Jig to assemble wooden frames

Beautiful day today.  Temperature in the low 50s, bright sunshine.  Shirt sleeve weather.  My bees from all four hives were flying merrily about their entrances so there shouldn't be any problems with constipation.  As reported earlier, the weights of all four hives are in the comfortable levels.

It was warm enough in the shop to start on bee projects for the coming seasons.  In particular, I wanted to make a jig to aid in the assembly of wooden frames.  I have been assembling them one by one but I anticipate I will need 800 or more this year and some sort of aid would be helpful.  The design is simple.  It consists of a rectangular frame made from scrap 3/4 plywood whose length corresponds to the  distance between the end bars (17 inches) and whose width is arbitrary depending upon how many frames are to be assembled at one time. There are a couple of swinging "doors" on each end that, when closed, hold the end bars in a vertical direction.  When open, the "doors" allow the finished frames to be removed from the jig by sliding them sideways.

In use, the doors are closed and latched and end bars are placed in the space between the "door" and the end of the frame.  The top (or bottom, if you wish) bars are placed in the notches in the end bars and nailed or stapled in place.  The entire assembly is turned over to that the bottom bars (or top if you already did the bottoms) can be added similarly and nailed or stapled.  Open the "doors" and remove the finished frames.  The pictures below should explain all.



Tuesday, January 13, 2015

Checking on hives - January 13, 2015

We've had a couple of polar vortexes (vortices?) already this winter with temps falling into the low single digits.  But there have been interludes of 40+ (F) as well which could have led to excessive honey consumption.  I use a "luggage" scale I purchased on the Internet for about $11 with shipping to weigh my hives.  The device is a plastic handle with some electronics inside and a hook which is intended to capture the handles of a piece of luggage.  But for hive work, it slips under the bottom board and allows one to measure how many pounds (or kg, or g or oz) of force are bearing down on the hive supports when the hive is just lifted off the support.  Do this on both ends, add together the two numbers and you have the weight of the hive.
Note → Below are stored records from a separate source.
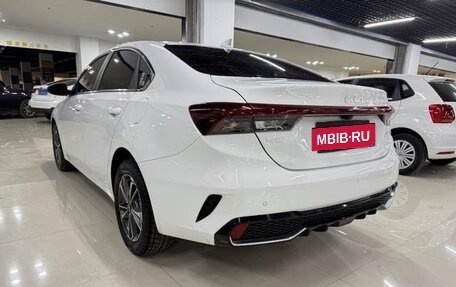 KIA K3, 2024 год, 1 600 000 рублей, 3 фотография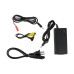 Окуляри FPV Foxeer DVR 5.8GHz 40CH X Band (MR1712G5)
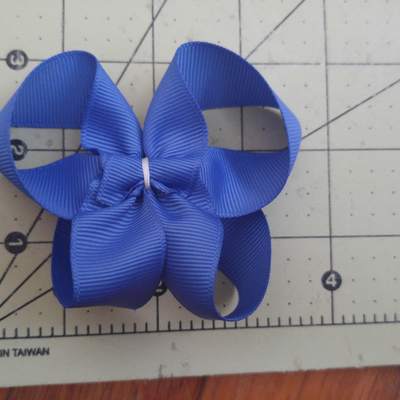 Sm boutique bow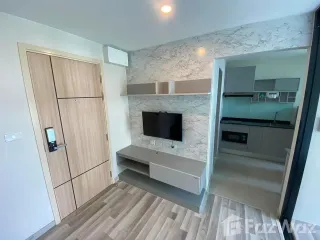 Condo en alquiler y en venta de 1 habitaciones en Chatuchak, Bangkok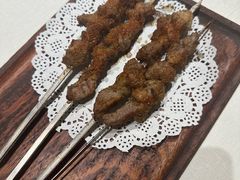 -阿西娅食府(中关村店)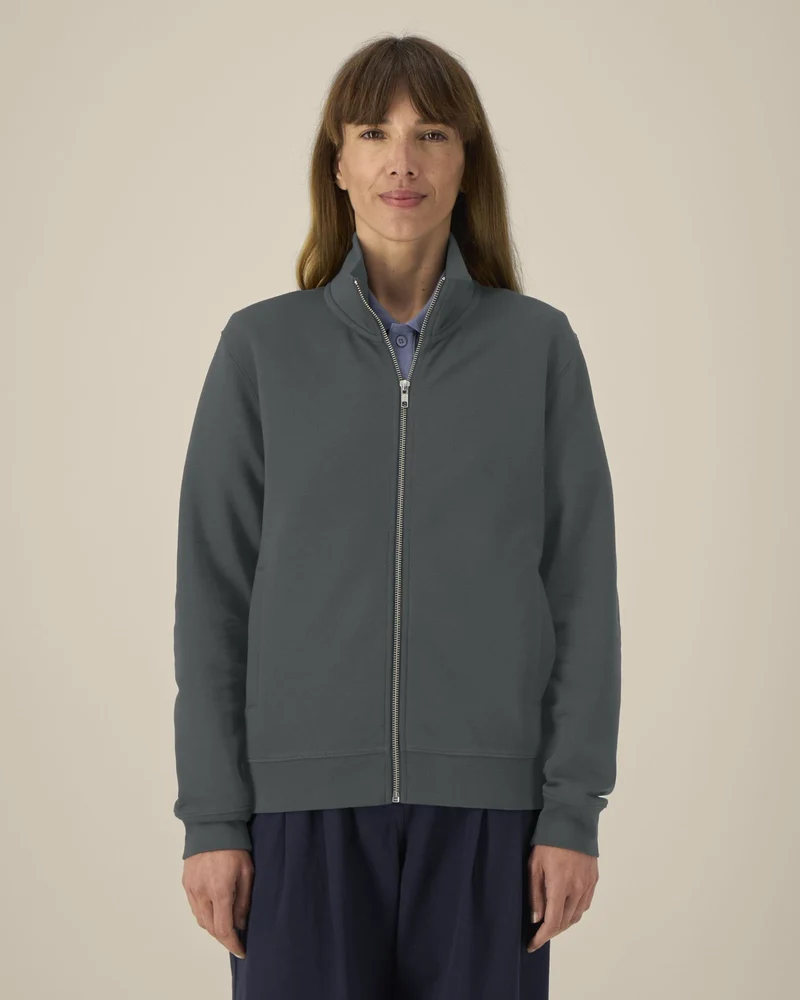 Sweatshirt unisex Stanley/Stella zum Personalisieren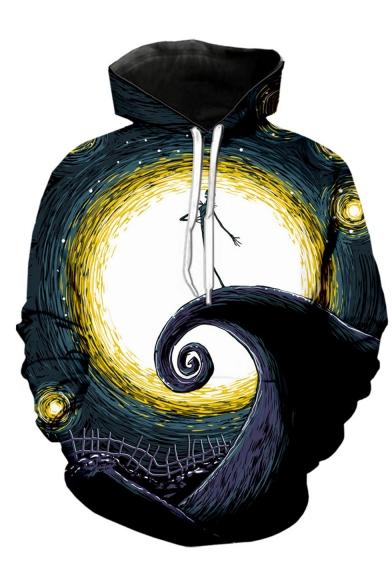Jack Skellington 3D Printed Hoodie/Zipper Hoodie - 9ae95ad91f90 Jack Skellington 3D Printed Hoodie/Zipper Hoodie - 9ae95ad91f90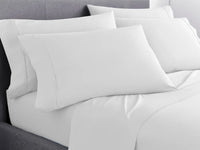 Ultraweave Queen 6-Piece Microfiber Sheet Set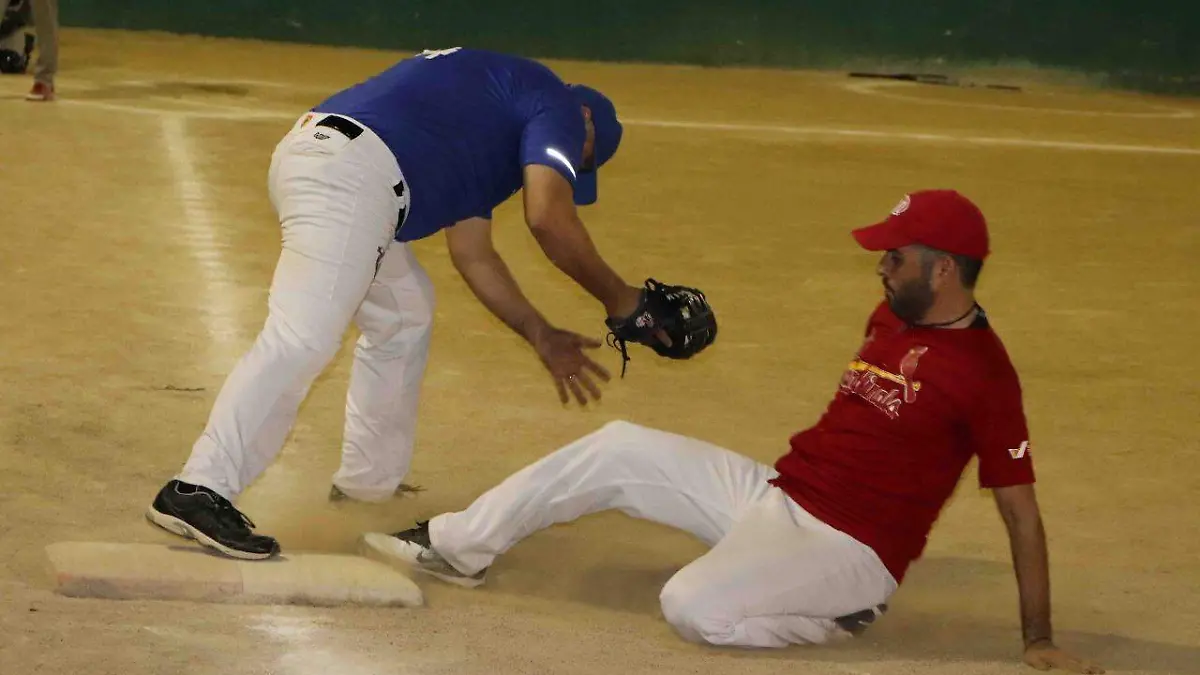Beisbol 3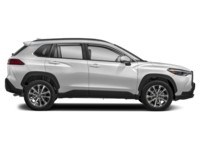 2023 Toyota Corolla Cross XLE AWD Exterior Shot 10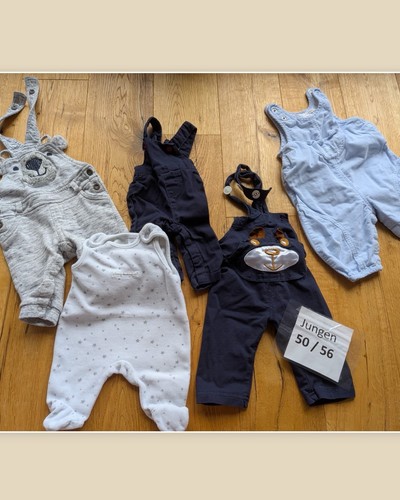 Jungen babykleidung set - jungen,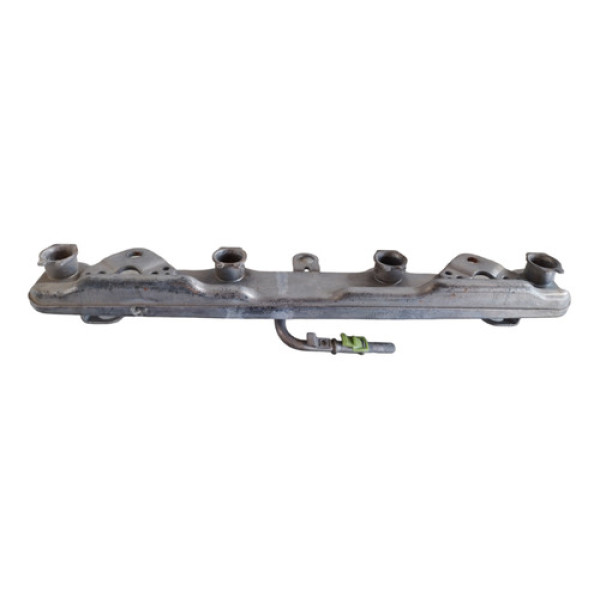Flauta Bico Injetor Honda Civic 2007 A 2011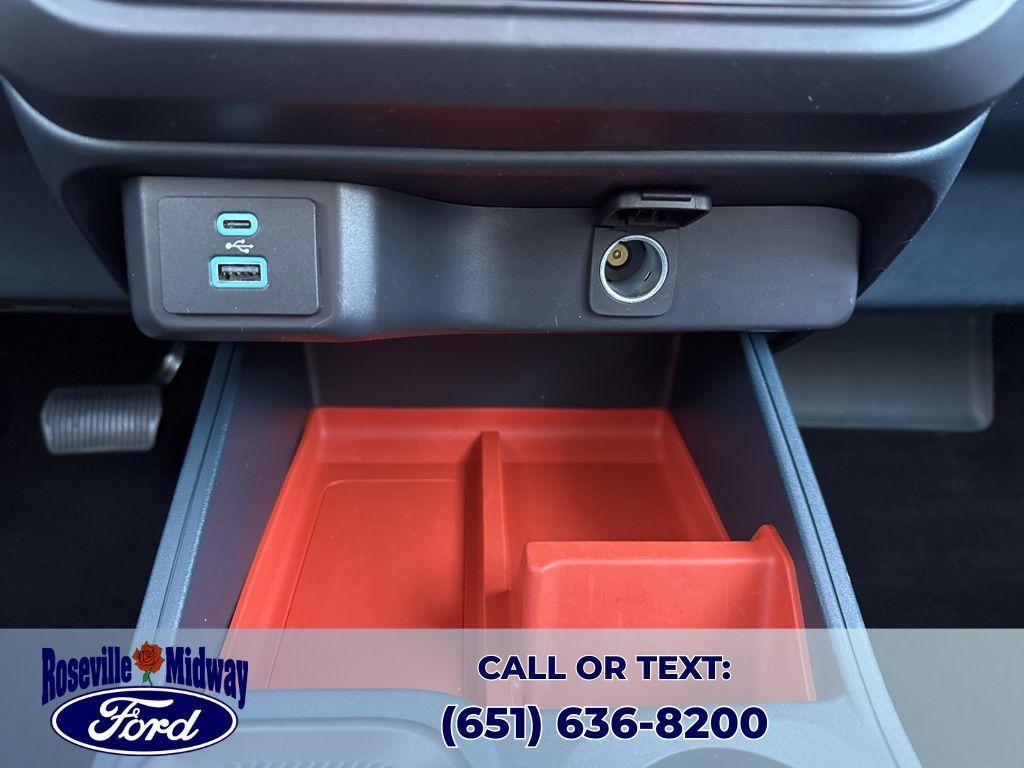 used 2024 Ford Maverick car, priced at $29,998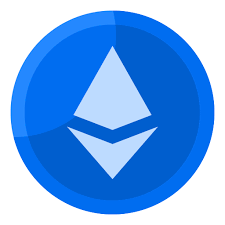 Ethereum (ETH) Logo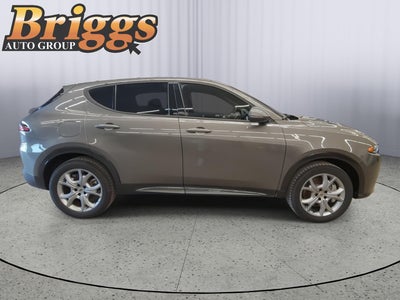 2024 Dodge Hornet R/T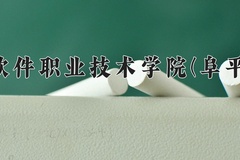 2024年河北软件职业技术学院(阜平校区)在河北计划招生人数（附学费及专业录取分)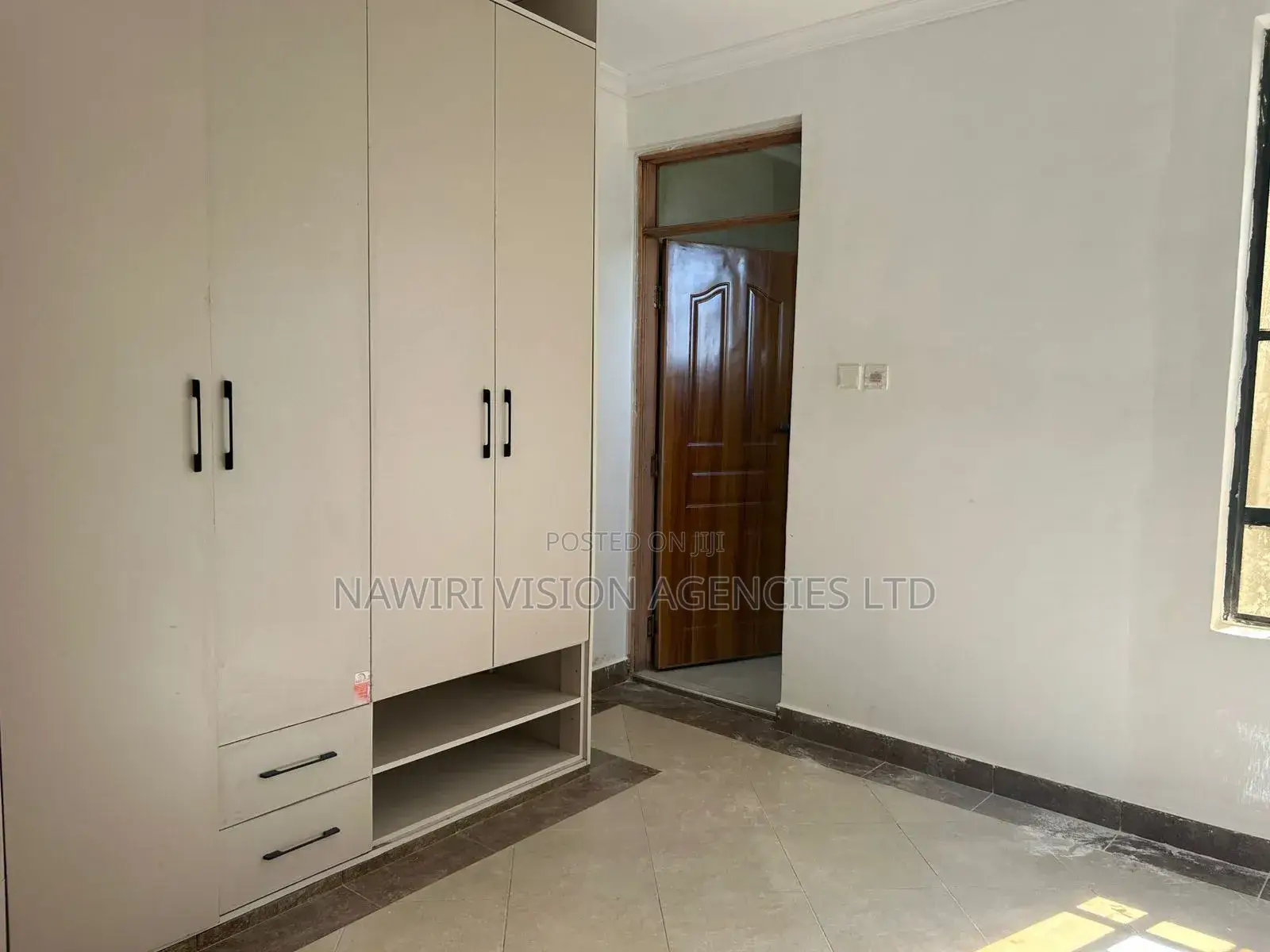 1bdrm Apartment in Infinity, Ruai for sale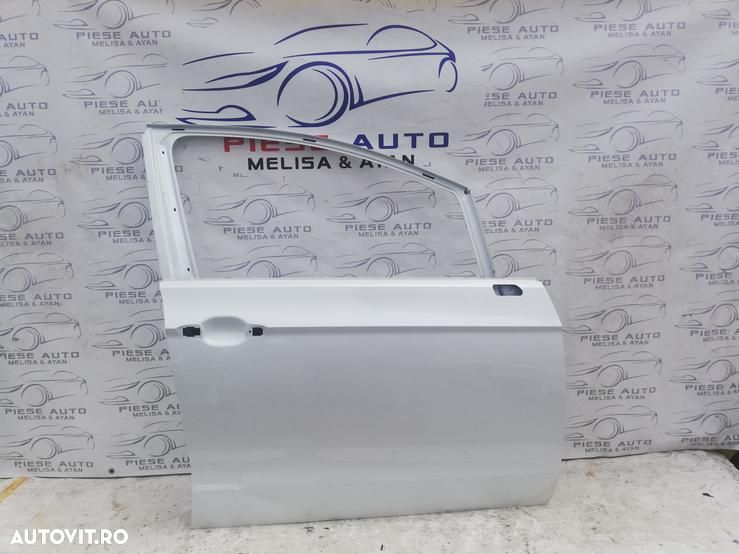 Usa dreapta fata Volkswagen Golf 7 Sportsvan 510 an 2014-2015-2016-2017-2018-2019-2020-2021 - 1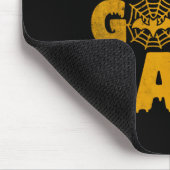 カマラ・ハリスに投票しよう Halloween Gh マウスパッド (コーナー)
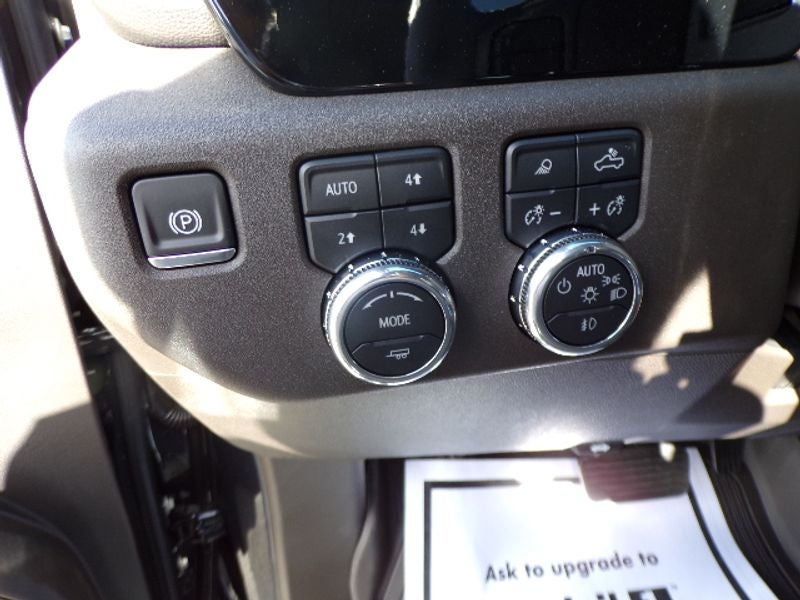 2025 GMC Sierra 3500 HD SLT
My four hives (three medium boxes each) weighed on this day from 70.4 to 76 pounds.  The empty (with frames) weight of this arrangement is just under 30 pounds.  This indicates I have at least 40 pounds of wax, bees and honey at this stage of the winter.  I figure there are no more than 4 pounds of wax and 3 or 4 pounds of bees (I could hear their slight buzzing when I put my ear to each hive) so that calculates to at least 30 pounds of honey which is a number I am comfortable with at this stage.